Eliza, last summer I watched many superb mature oaks cut down at the Tobin School, despite a large protest before the event at City Hall, and according to Mike Nakagawa (see above) dozens of mature shade trees have been cut down around the new construction at the Jefferson Park housing project despite the complaints of the residents who will now have to live without shade in our horrible new heat waves, and without their beauty. Developers refer to trees as “weeds”—trying to work around them takes more time and time = $$. The previous city managers have put up no resistance. The two councilors who attended this event have supported developers and destructive development. They no doubt have reasons. But I grew up in a beautiful town, rich in history and culture, wetlands and woods and civic engagement, destroyed by development—and far more unequal now than in its former days—so I look on most developers as heartless greed monsters!

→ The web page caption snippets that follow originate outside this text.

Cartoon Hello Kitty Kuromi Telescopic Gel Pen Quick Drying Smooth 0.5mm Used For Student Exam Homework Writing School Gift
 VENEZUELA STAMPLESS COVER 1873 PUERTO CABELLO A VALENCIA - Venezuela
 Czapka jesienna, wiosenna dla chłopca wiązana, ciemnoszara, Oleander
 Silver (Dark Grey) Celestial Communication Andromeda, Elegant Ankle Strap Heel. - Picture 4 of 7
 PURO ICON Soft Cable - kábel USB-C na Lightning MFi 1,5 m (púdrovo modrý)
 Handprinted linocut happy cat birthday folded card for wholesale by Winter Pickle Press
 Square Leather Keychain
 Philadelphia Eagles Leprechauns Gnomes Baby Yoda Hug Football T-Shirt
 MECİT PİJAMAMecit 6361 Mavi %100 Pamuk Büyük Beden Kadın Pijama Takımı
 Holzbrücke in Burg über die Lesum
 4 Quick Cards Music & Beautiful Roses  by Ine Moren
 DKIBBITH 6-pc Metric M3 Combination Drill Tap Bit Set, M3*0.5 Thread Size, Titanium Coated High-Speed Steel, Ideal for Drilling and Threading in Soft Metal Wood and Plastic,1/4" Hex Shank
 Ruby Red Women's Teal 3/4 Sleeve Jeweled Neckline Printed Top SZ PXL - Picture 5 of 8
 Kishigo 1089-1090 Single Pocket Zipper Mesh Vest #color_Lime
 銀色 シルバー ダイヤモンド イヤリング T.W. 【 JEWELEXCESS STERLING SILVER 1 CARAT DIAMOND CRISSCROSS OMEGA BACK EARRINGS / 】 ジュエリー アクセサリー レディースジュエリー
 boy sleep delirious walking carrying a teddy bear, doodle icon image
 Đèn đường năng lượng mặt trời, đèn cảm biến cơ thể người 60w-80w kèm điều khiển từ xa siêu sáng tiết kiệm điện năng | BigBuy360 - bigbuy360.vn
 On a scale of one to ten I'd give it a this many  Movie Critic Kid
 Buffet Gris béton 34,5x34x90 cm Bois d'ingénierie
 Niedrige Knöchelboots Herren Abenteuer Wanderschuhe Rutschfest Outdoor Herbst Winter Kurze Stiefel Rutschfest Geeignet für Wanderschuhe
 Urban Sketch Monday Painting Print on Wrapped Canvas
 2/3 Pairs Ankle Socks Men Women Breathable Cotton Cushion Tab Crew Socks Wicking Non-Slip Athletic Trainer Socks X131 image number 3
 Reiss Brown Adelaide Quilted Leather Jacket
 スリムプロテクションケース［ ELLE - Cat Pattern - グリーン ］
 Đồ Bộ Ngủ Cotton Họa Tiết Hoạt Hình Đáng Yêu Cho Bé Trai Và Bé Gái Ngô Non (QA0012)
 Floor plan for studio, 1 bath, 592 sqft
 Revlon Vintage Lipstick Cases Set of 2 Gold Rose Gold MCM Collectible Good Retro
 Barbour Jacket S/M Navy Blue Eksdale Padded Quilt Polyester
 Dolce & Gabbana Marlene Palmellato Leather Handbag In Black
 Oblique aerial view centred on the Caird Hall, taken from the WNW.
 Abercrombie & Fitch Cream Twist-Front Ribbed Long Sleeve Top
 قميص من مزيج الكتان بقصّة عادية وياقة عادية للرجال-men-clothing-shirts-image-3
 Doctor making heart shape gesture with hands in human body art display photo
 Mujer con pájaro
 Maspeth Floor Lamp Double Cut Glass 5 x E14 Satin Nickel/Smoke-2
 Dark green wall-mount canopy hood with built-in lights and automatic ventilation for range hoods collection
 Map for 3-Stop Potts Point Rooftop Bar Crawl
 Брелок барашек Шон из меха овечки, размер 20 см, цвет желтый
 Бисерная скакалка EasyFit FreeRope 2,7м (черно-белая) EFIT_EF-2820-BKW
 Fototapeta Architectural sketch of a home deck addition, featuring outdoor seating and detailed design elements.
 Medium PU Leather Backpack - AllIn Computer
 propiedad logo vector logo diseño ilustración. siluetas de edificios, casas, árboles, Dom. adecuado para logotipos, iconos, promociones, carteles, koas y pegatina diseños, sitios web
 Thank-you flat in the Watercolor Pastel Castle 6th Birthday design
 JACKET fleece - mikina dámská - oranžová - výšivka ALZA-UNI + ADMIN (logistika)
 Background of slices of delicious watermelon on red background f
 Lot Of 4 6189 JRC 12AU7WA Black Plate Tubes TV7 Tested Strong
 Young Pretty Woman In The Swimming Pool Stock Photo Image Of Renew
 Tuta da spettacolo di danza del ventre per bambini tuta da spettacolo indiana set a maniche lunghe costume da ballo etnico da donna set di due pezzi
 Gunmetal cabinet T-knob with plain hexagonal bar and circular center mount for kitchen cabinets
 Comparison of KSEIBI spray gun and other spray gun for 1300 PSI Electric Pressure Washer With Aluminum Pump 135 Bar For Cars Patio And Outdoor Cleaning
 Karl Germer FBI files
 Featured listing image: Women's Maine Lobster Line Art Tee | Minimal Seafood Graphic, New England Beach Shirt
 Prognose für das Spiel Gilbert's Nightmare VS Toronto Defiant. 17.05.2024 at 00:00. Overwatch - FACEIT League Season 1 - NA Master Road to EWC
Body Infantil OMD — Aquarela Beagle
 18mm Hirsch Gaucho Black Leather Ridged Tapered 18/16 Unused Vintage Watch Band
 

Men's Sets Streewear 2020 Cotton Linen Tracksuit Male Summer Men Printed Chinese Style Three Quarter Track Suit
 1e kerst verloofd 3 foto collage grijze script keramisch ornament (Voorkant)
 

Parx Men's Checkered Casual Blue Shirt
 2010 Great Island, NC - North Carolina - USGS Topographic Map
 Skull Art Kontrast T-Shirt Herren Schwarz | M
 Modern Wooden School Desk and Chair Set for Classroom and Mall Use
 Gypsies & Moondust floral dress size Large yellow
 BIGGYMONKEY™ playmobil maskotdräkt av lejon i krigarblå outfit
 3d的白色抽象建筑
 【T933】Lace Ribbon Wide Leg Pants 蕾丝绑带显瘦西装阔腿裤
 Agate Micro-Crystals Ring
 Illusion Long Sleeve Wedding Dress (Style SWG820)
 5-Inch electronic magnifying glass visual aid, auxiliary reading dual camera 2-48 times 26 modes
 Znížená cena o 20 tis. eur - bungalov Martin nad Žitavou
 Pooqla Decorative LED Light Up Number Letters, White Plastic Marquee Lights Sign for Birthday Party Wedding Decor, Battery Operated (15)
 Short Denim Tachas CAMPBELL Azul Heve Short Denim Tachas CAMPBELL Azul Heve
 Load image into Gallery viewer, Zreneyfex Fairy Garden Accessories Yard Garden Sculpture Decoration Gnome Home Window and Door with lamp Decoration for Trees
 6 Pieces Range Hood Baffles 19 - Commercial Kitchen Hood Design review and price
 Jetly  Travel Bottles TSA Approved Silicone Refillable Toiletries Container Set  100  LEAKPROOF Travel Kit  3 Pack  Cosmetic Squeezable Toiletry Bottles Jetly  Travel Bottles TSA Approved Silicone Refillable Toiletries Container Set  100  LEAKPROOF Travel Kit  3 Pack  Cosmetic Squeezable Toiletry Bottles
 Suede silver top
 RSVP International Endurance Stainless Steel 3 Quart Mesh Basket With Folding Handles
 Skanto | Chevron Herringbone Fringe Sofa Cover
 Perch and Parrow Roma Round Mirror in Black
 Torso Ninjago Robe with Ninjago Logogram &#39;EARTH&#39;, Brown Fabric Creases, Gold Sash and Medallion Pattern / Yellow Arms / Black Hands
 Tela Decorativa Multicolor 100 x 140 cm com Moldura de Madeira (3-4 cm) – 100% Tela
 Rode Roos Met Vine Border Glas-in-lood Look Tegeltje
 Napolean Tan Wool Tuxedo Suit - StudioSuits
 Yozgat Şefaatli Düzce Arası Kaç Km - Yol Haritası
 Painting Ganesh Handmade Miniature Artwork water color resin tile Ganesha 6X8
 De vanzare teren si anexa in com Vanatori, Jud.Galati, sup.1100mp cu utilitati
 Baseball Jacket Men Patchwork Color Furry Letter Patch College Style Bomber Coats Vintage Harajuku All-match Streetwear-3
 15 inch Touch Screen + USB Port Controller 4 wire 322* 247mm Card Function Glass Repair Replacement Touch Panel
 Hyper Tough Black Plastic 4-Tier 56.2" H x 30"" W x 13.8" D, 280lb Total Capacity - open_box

Isobel, Thank you for your considered and perceptive comment. I agree wholeheartedly. It’s too bad that the city councillors who claim to be so concerned about the environment didn’t intercede before it was too late. Just a lot of blah, blah. Well, my cynicism can hardedly get any deeper.
Isobel: I have known Councilor Carlone for a long time. He is very pro-tree and not pr0-development. You should provide evidence before you make accuse a councilor. To me, one problem is that the city does not have enough staff enforcing the tree ordinance. Also, the ordinance allows a property owner to cut down a tree if they either replace it or pay a substantial fee. That is what happened at the Tobin School- the cut trees will be replaced with more trees, but it will take some years until the canopy is as big as it was before they were destroyed.
agree with Lee. Councilor Carlone has been a steady proponent of trees and careful development with good design and planning. But the city seems to ignore those points. Quinton used to be the tree guy. Now he is more pro-development.